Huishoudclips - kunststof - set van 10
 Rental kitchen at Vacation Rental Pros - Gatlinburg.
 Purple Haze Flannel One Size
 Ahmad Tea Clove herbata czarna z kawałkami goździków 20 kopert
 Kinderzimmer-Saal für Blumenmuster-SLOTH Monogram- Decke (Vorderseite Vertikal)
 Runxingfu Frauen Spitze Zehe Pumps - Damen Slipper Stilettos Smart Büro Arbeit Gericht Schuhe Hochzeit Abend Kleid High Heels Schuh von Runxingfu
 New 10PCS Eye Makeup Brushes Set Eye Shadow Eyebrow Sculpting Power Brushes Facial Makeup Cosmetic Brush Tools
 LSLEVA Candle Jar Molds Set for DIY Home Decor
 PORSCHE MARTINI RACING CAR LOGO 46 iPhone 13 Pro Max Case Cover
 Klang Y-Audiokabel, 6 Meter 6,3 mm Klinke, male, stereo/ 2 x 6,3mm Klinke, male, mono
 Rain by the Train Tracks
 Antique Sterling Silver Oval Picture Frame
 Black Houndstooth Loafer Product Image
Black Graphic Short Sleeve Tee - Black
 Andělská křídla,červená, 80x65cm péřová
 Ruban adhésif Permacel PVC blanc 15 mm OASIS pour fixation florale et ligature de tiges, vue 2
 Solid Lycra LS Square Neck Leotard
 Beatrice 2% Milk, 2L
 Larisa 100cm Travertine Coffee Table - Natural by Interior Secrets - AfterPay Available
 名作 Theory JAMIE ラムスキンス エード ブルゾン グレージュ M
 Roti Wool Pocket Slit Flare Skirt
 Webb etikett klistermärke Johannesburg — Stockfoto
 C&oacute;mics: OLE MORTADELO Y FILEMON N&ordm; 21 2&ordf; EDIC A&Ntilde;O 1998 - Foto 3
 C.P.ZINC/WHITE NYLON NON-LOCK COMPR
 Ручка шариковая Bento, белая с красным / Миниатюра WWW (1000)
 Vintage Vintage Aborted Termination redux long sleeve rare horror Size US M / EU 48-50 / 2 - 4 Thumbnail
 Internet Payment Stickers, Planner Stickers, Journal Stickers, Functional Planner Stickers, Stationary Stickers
......
# [TASK DIRECTIONS]
Say only how many lines in the records carry the word "Black".

# [ANSWER AREA]
2